Mutter Teresa wurde am 26. August 1910 als Agnes Gonxha Bojaxhiu in Skopje im heutigen Mazedonien geboren. Schon mit 18 Jahren ging sie als Missionsschwester nach Indien und arbeitete dort als Lehrerin. Täglich begegneten ihr in Kalkutta Bettler, ausgemergelte und kranke Menschen. Eine "Damaskus-Stunde" änderte ihre Laufbahn. "Gott rief mich", sagte sie später.
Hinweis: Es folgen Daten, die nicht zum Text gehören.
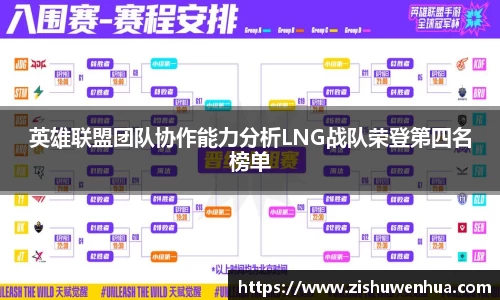 英雄联盟团队协作能力分析LNG战队荣登第四名榜单
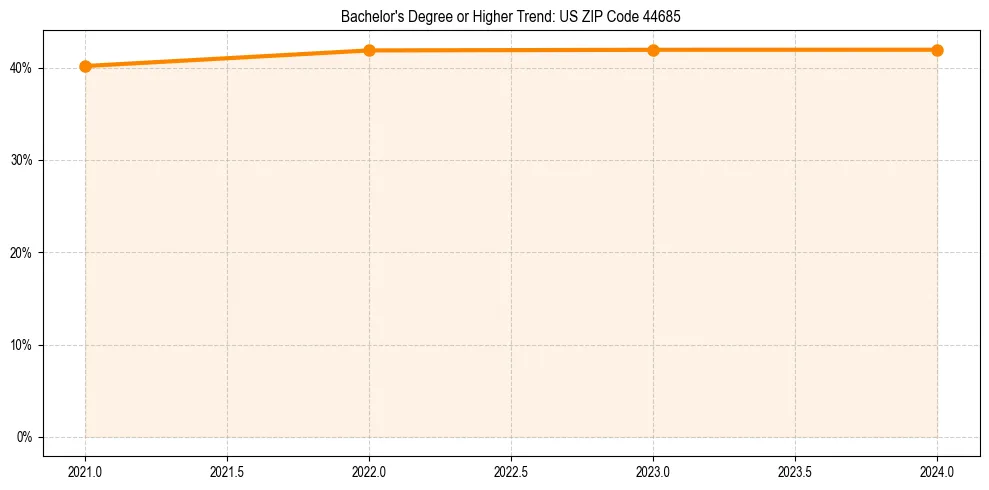 Trend chart showing bachelor degree growth in 
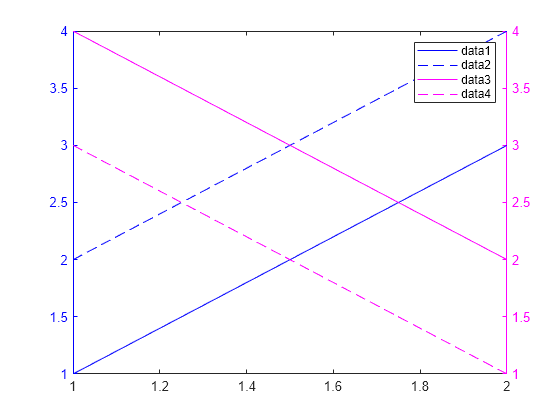 Figure contains an axes object. The axes object contains 4 objects of type line.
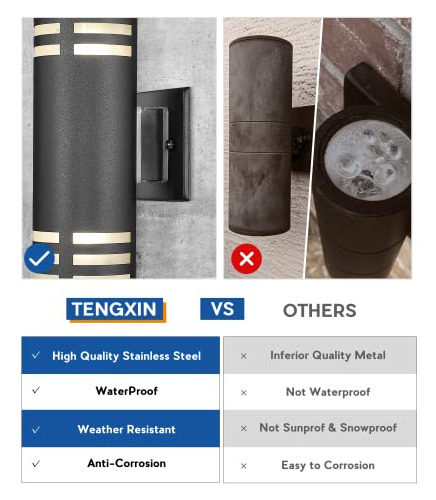 Tengxin Lámpara De Pared Exterior Para Exteriores, Cilindro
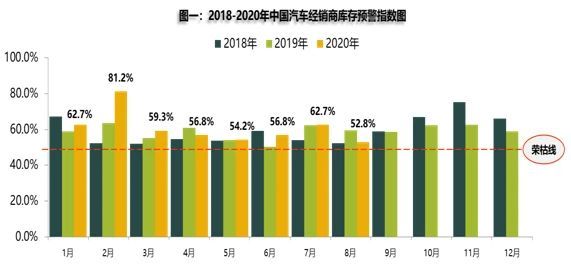 8月中国汽车经销商库存预警指数为52.8% 仍处荣枯线之上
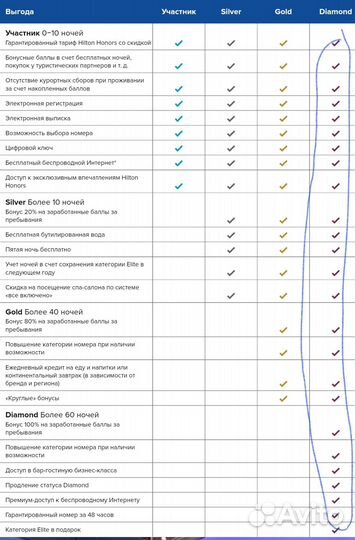Проживание в отелях Hilton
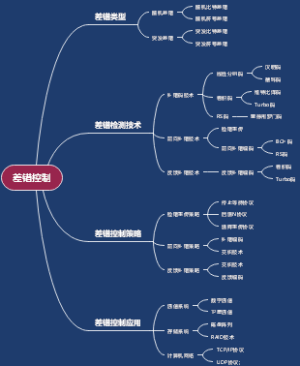 差错控制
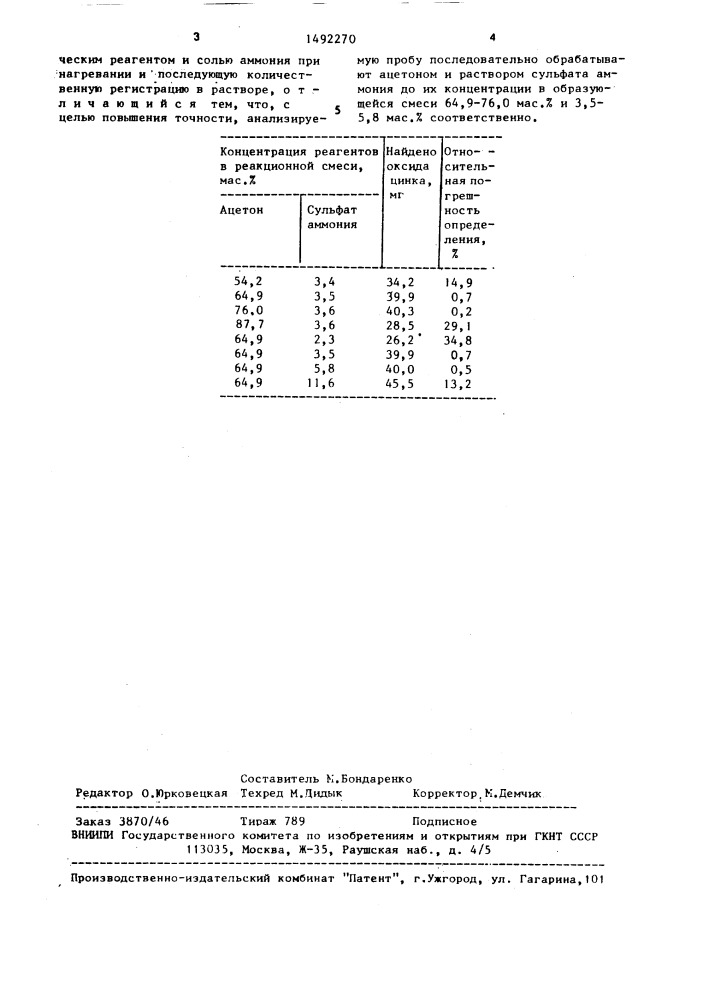 Способ определения оксида цинка (патент 1492270)
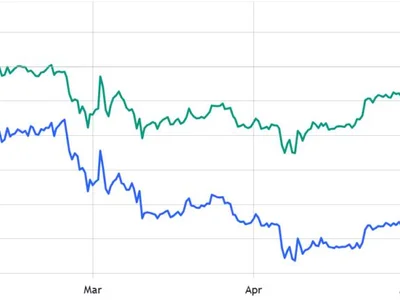 Ethereum bulls aim for $2.7K ahead of ETH’s $2.4B options expiry - ten, solana, Crypto, four, eth, ethereum, million, Cointelegraph, tron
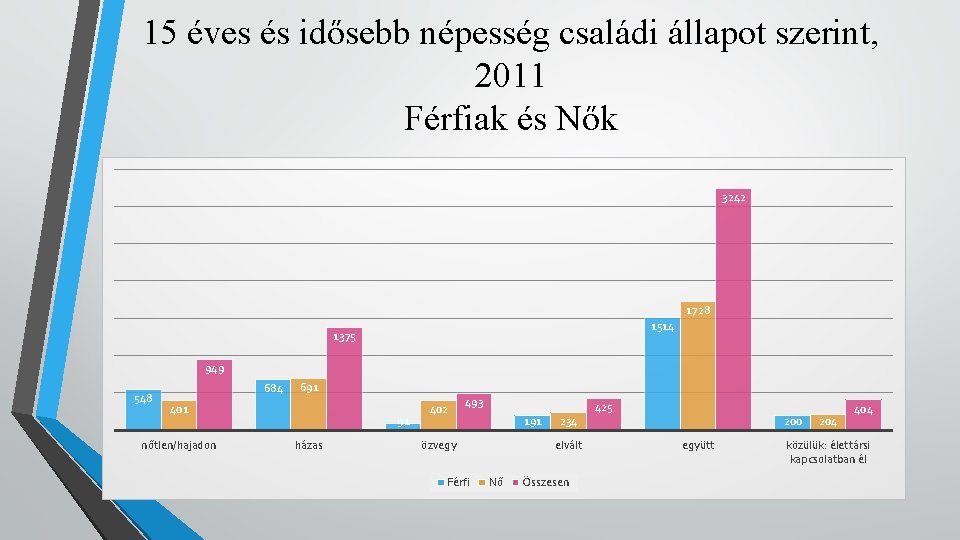 15 éves és idősebb népesség családi állapot szerint, 2011 Férfiak és Nők 3242 1728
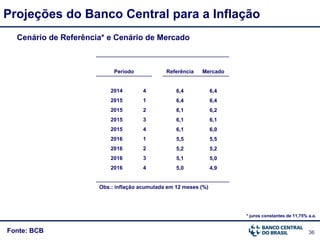 36Fonte: BCB
Cenário de Referência* e Cenário de Mercado
Projeções do Banco Central para a Inflação
* juros constantes de 11,75% a.a.
Período Referência Mercado
2014 4 6,4 6,4
2015 1 6,4 6,4
2015 2 6,1 6,2
2015 3 6,1 6,1
2015 4 6,1 6,0
2016 1 5,5 5,5
2016 2 5,2 5,2
2016 3 5,1 5,0
2016 4 5,0 4,9
Obs.: inflação acumulada em 12 meses (%)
Bewegt vom Elend in den Slums von Kalkutta verließ sie 1948 ihr Kloster und gründete eine Ordensgemeinschaft.

Die "Missionarinnen der Nächstenliebe" widmeten sich den Ärmsten, den Findelkindern und den Sterbenden auf der Straße. Immer mehr junge Frauen, zunächst in Indien und später auf allen Kontinenten, schlossen sich ihrem Orden an. 1979 wurde Mutter Teresa mit dem Friedensnobelpreis ausgezeichnet.

Dennoch war ihre Frömmigkeit offenbar nicht unerschütterlich, wie private Notizen und vertrauliche Briefwechsel offenbarten, die erst 2007 veröffentlicht wurden. Ein ganzes Jahrzehnt lang durchlitt die Ordensfrau demnach quälende seelische Einsamkeit und schmerzhafte Zweifel an ihrer Mission.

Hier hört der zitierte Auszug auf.